In social sciences, ‘legitimisation’ refers to the process by which an act (here, the act of the protest) becomes acceptable to the society at large by being attached to specific norms, symbols and practices. Culture, being an influencer of social norms and practices, has great legitimising power. Celebrities, journalists, social media influencers, social media trends, brands, all of these taken together become networks of cultural capital which can make any conversation mainstream.

So far as the phenomenon of the protest is concerned, legitimisation is a meta process that gives it a universal moral dimension. In this process the question moves from the concrete – a question of policy, an incident or a law, into something more abstract and universal – a question of justice, a statement against hate, oppression, persecution etc. This shift of protest’s justification from ‘issue-based’ to ‘morality-based’ makes it easy to propel it into global limelight. The international media coverage of the recent anti-CAA riots is a great example. Notice the headlines such as “As repression in India gets worse, notable figures remain silent” (Washington Post, January 4), “As Protests Rage on Citizenship Bill, Is India Becoming a Hindu Nation?” (The New York Times, December 16), “India erupts in Protests as Modi Presses Vision for Hindu Nation.” (The New York Times, December 17).

Another aspect of culture is its pervasiveness. That is why when it mainstreams a conversation, that conversation finds its way into every home, every whatsapp group, every conversation circle. In this aspect too, the recent anti-CAA outrage was a huge unprecedented revelation in its ability to polarise and spawn intense conversation.

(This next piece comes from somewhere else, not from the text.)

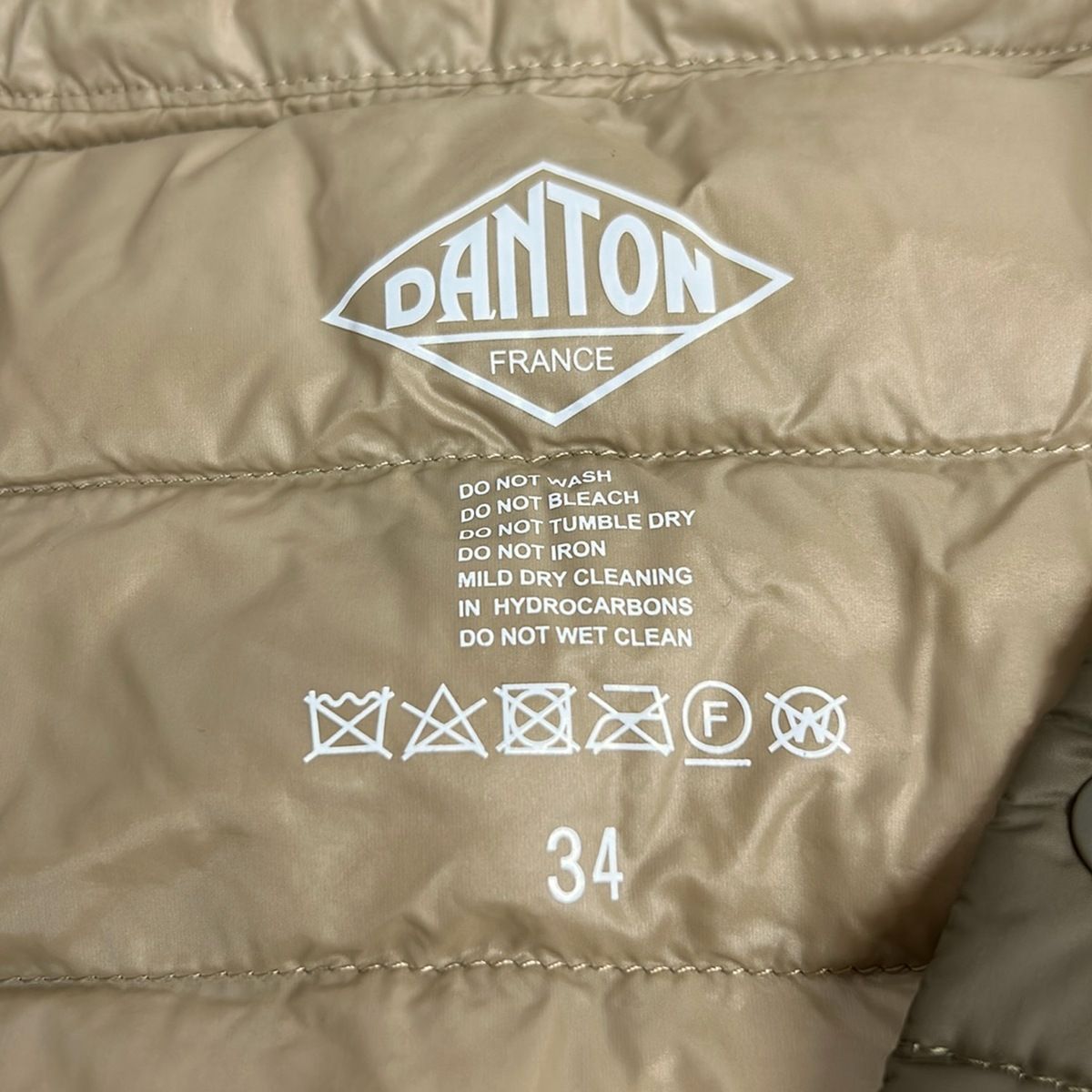 DANTON(ダントン) ダウンジャケット サイズ34 S レディース美品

These conversations along with the performative aspect of the protest and the sheer ease of making a grand moral statement would all ensure that the protests can gather a buffer crowd who are not the victims rallying for a cause but the people in solidarity, this makes the appeal to universality even more concrete. In the current George Floyd protests, it is the sizable number of non-black people in the swelling crowds that give it an air of universalism.

All of these factors taken together make culture a critical force in the protest, giving it a moral dimension, adding aspects of performance to it, making it a subject of debate and conversation, bringing it to global limelight, and as a result of it all, thwarting the chances of protest being subjected to physical uprooting by the government.

Conclusion

In this article, the method of protest has been broken down into its elemental parts to show that India’s faultlines make it very vulnerable to the exact same phenomenon we see raging in the USA right now. All the raw elements required for such a flare-up are already present here and have become partially visible in a number of incidents over the past few years. On the aspect of culture especially, India is deeply vulnerable to any such potential destabilising plans owing to the near total ideological capture of cultural institutions. 

The spectacle in the USA must serve as a lesson to India and should prompt us to carry out a realistic assessment of our vulnerabilities on all levels.